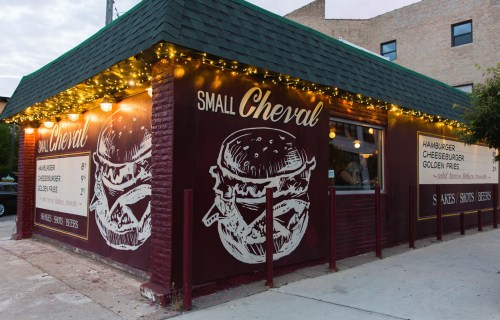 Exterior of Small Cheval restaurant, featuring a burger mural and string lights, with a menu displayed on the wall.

______________________________

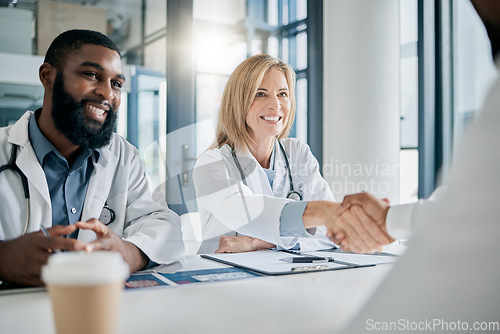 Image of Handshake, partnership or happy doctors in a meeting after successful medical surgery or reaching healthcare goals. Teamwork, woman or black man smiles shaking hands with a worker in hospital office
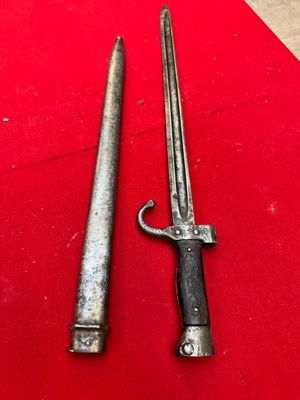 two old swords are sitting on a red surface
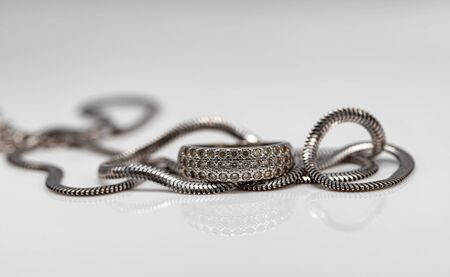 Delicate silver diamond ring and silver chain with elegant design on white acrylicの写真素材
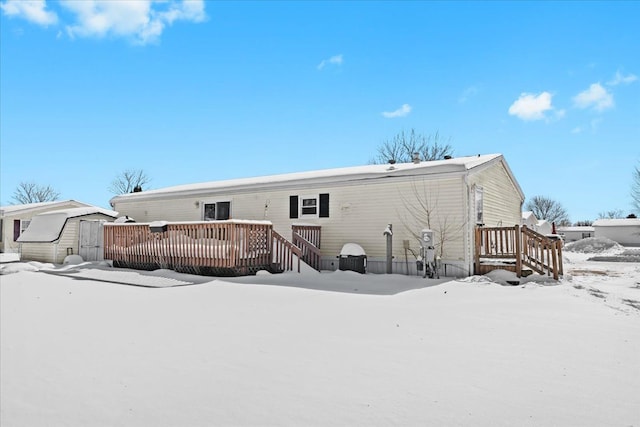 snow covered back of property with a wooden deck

______________________________

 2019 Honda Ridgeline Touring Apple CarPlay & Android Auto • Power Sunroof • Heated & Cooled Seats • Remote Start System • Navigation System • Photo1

______________________________

What to do — For this exercise, reproduce exactly the lines of the records above from the one with "Delicate silver diamond" up to and including the one with "snow covered back", without pictures.

Result for this exercise —
 Delicate silver diamond ring and silver chain with elegant design on white acrylicの写真素材
 snow covered back of property with a wooden deck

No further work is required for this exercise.